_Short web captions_
-- Opening Marker --
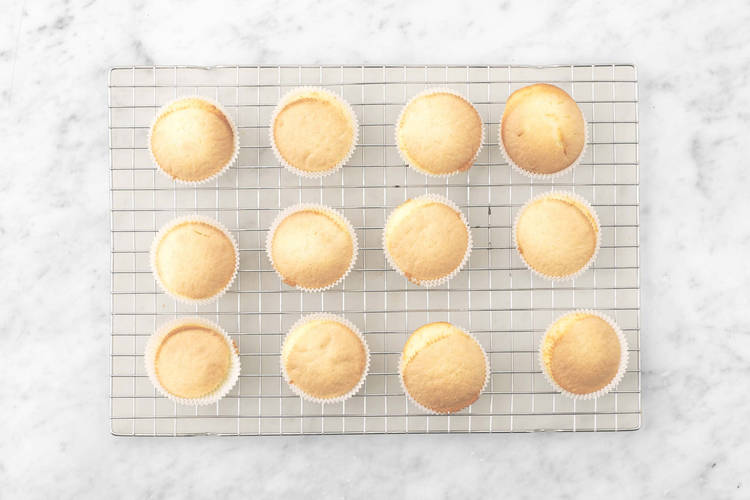 Cuire et laisser refroidir les cupcakes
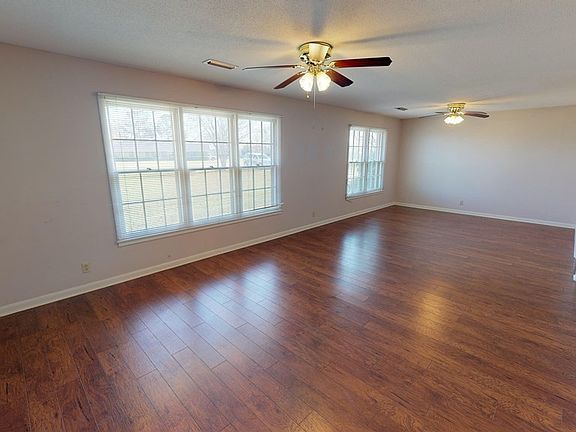 3rd image of 6007 Walden Dr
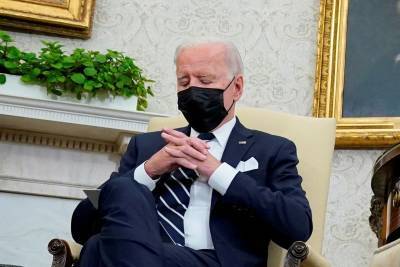 "Проснись, Джо": в Конгрессе потребовали отставки "уснувшего" Байдена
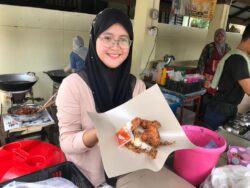 Permintaan pulut ayam naik sekali ganda
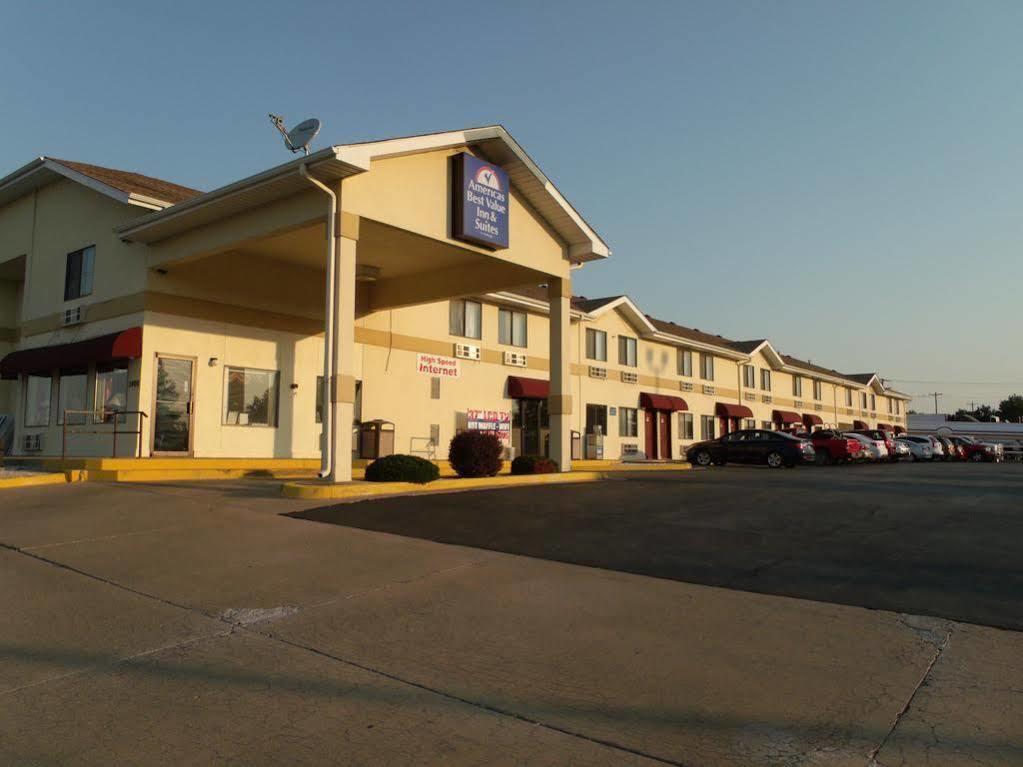 Americas Best Value Inn & Suites Harrisonville Exteriér fotografie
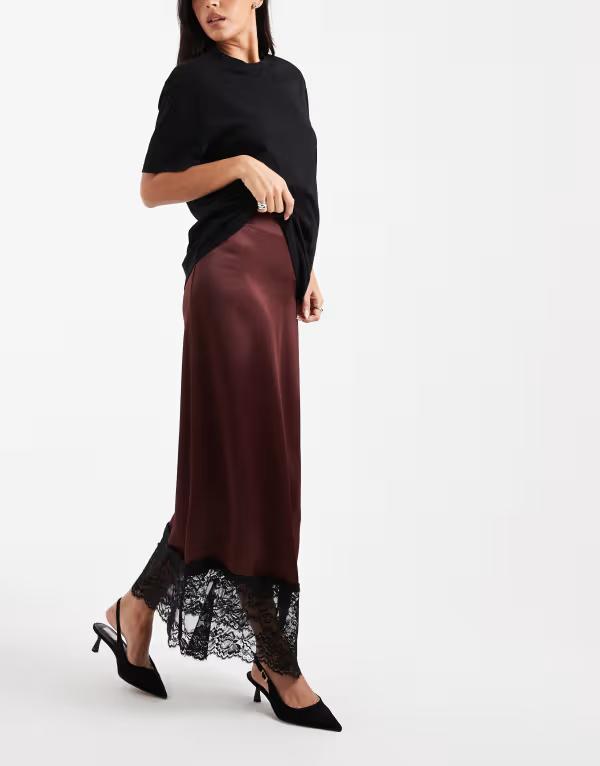 ミスセルフフリッジ レディース ボトムス スカート サテン レース マキシ Miss Selfridge satin and lace bias cut maxi skirt in chocolate Chocolate チョコレート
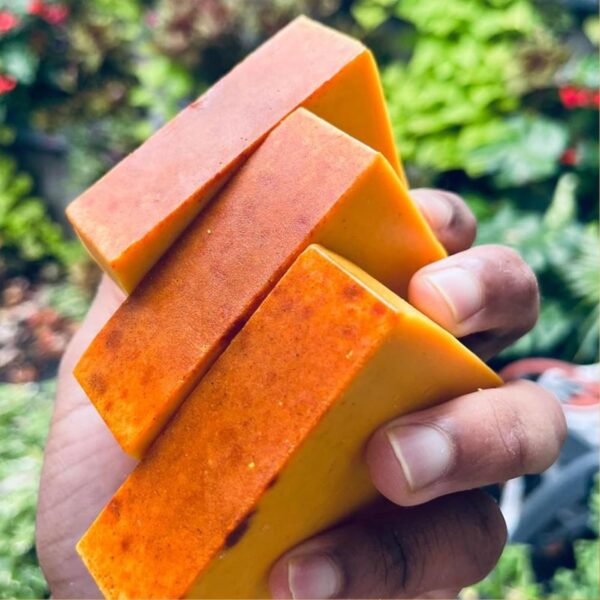Kojic Acid Turmeric Soap  100g - Image 6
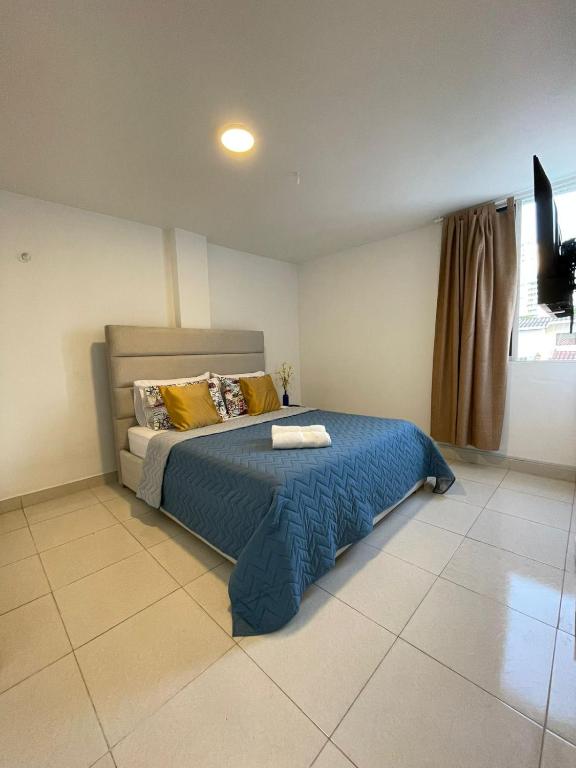 Casa Roman - Two-Bedroom Apartment With Balcony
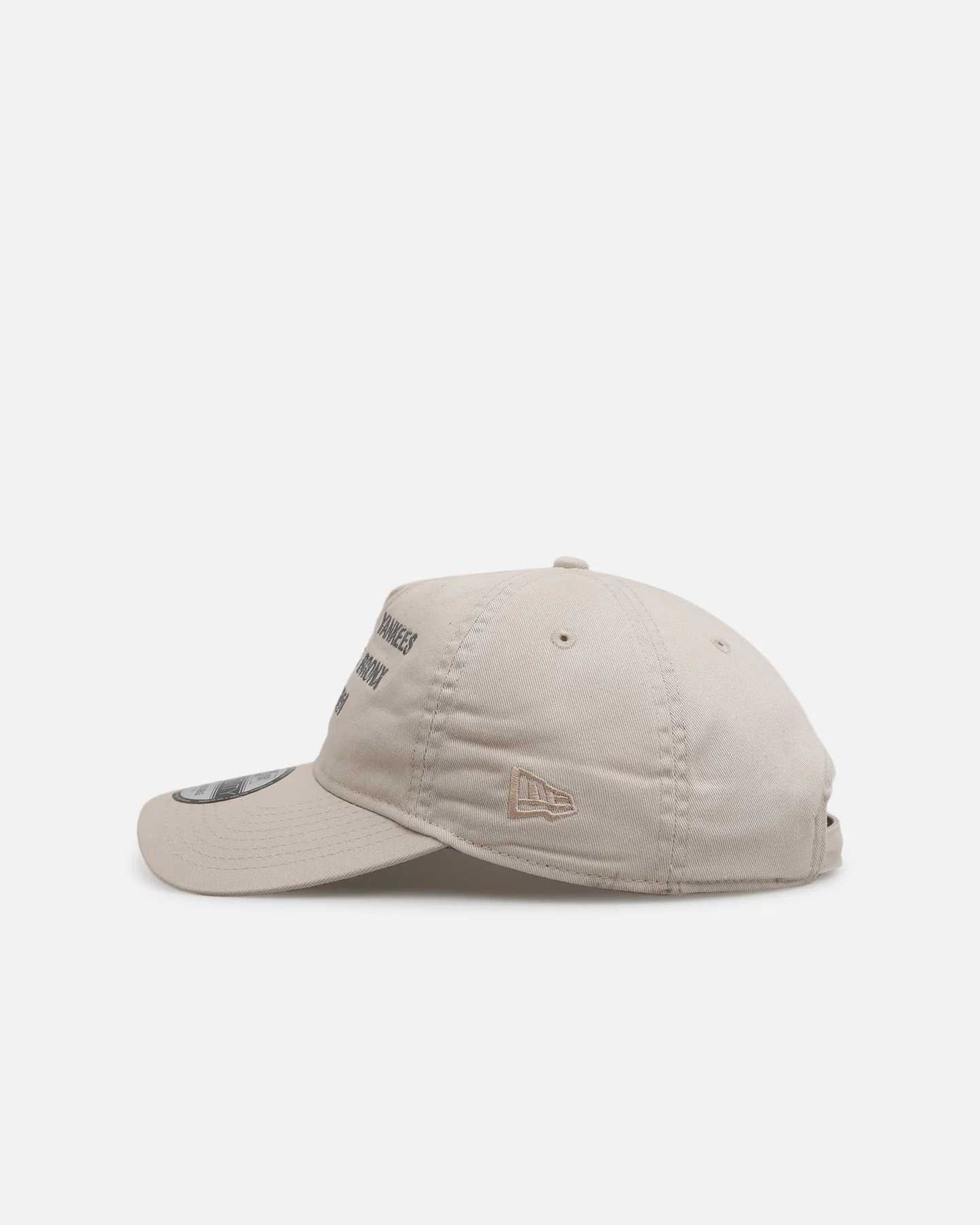 New Era New York Yankees 'Location' 9TWENTY Strapback Cream - Image 4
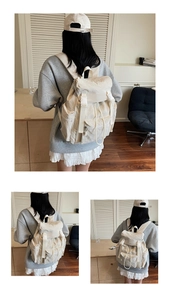 Détail d'un sac à dos en toile blanc cassé avec cordon de serrage et poches latérales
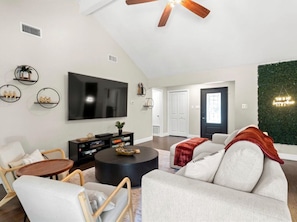 Superior House, 4 Bedrooms, Private Pool | Living area | TV - Poolside Paradise Room Fire Pit Hot Tub (Round Rock)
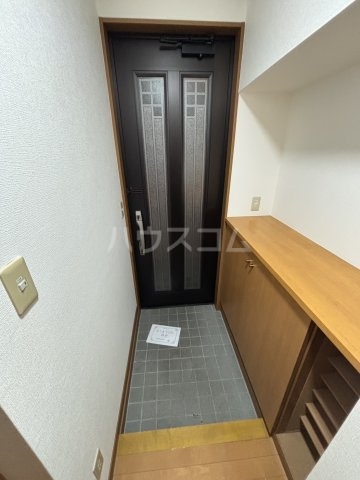 14/30 玄関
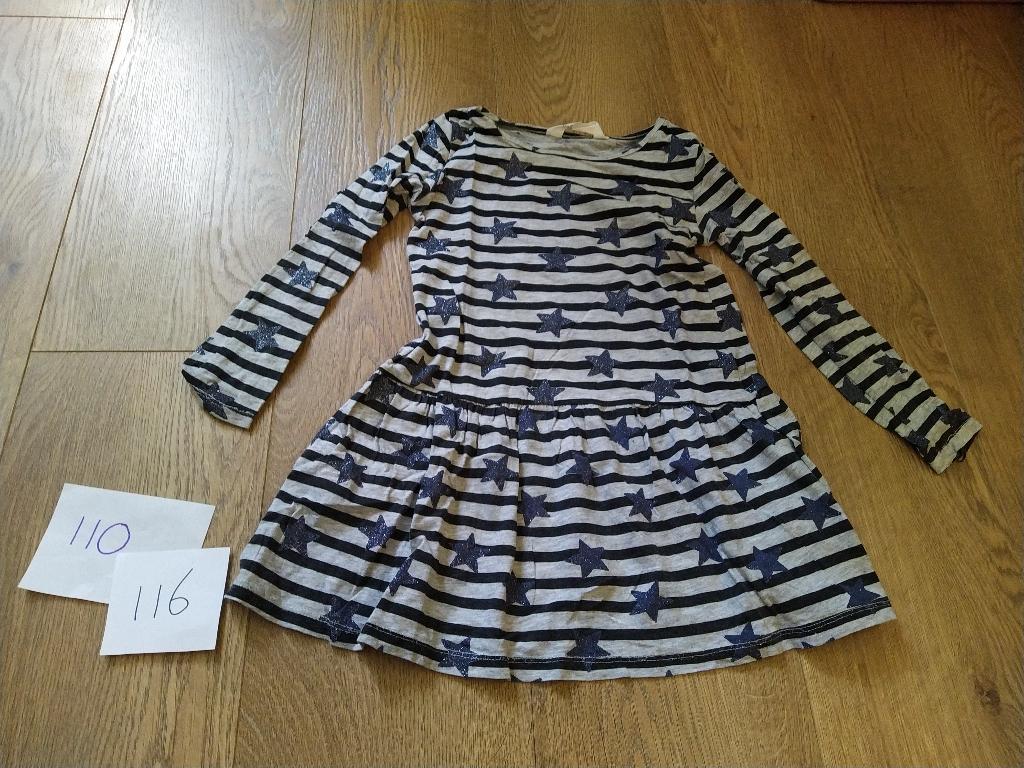 Jurk grijs met sterren 110 / 116, Ophalen of Verzenden, Gebruikt, Meisje, Jurk of Rok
-- Closing Marker --
_PROBLEM REQUIREMENTS_
Each record should be quoted exactly, with the images omitted.

_SOLUTION TO THIS PROBLEM_
 Cuire et laisser refroidir les cupcakes
 3rd image of 6007 Walden Dr
 "Проснись, Джо": в Конгрессе потребовали отставки "уснувшего" Байдена
 Permintaan pulut ayam naik sekali ganda
 Americas Best Value Inn & Suites Harrisonville Exteriér fotografie
 ミスセルフフリッジ レディース ボトムス スカート サテン レース マキシ Miss Selfridge satin and lace bias cut maxi skirt in chocolate Chocolate チョコレート
Kojic Acid Turmeric Soap  100g - Image 6
 Casa Roman - Two-Bedroom Apartment With Balcony
 New Era New York Yankees 'Location' 9TWENTY Strapback Cream - Image 4
 Détail d'un sac à dos en toile blanc cassé avec cordon de serrage et poches latérales
 Superior House, 4 Bedrooms, Private Pool | Living area | TV - Poolside Paradise Room Fire Pit Hot Tub (Round Rock)
 14/30 玄関
 Jurk grijs met sterren 110 / 116, Ophalen of Verzenden, Gebruikt, Meisje, Jurk of Rok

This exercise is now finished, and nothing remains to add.